In the records below, the line with "lot 167 image: Snap-On (4) Box End Wrenches" opens the range and the line with "Columbia Black Active Shorts" closes it; print that range exactly and nothing else.

┌────────

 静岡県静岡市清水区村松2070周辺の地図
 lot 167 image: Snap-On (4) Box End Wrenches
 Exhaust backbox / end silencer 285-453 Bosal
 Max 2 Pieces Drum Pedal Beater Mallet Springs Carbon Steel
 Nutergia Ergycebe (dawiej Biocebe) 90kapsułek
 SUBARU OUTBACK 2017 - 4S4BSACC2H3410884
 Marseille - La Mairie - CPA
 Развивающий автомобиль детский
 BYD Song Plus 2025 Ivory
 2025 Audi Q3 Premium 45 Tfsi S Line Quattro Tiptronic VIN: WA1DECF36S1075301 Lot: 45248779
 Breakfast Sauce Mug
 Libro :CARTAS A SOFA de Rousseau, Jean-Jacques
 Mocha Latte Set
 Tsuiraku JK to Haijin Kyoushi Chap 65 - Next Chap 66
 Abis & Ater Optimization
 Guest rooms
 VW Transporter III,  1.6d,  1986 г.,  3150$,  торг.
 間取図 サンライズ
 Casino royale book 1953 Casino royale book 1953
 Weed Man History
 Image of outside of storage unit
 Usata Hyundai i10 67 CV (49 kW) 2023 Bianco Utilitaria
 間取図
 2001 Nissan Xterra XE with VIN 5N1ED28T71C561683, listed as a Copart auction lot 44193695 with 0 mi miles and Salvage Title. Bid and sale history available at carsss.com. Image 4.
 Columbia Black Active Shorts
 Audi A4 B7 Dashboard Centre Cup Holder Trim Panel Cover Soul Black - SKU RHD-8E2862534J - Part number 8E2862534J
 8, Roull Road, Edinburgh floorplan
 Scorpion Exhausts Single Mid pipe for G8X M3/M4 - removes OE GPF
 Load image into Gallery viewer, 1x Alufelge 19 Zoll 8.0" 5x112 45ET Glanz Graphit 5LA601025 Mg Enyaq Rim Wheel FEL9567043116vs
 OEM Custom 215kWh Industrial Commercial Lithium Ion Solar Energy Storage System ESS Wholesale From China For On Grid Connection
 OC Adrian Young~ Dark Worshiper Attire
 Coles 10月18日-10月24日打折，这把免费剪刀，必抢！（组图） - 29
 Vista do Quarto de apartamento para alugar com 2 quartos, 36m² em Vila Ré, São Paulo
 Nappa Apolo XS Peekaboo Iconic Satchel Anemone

└────────

#### [Answer section]
 lot 167 image: Snap-On (4) Box End Wrenches
 Exhaust backbox / end silencer 285-453 Bosal
 Max 2 Pieces Drum Pedal Beater Mallet Springs Carbon Steel
 Nutergia Ergycebe (dawiej Biocebe) 90kapsułek
 SUBARU OUTBACK 2017 - 4S4BSACC2H3410884
 Marseille - La Mairie - CPA
 Развивающий автомобиль детский
 BYD Song Plus 2025 Ivory
 2025 Audi Q3 Premium 45 Tfsi S Line Quattro Tiptronic VIN: WA1DECF36S1075301 Lot: 45248779
 Breakfast Sauce Mug
 Libro :CARTAS A SOFA de Rousseau, Jean-Jacques
 Mocha Latte Set
 Tsuiraku JK to Haijin Kyoushi Chap 65 - Next Chap 66
 Abis & Ater Optimization
 Guest rooms
 VW Transporter III,  1.6d,  1986 г.,  3150$,  торг.
 間取図 サンライズ
 Casino royale book 1953 Casino royale book 1953
 Weed Man History
 Image of outside of storage unit
 Usata Hyundai i10 67 CV (49 kW) 2023 Bianco Utilitaria
 間取図
 2001 Nissan Xterra XE with VIN 5N1ED28T71C561683, listed as a Copart auction lot 44193695 with 0 mi miles and Salvage Title. Bid and sale history available at carsss.com. Image 4.
 Columbia Black Active Shorts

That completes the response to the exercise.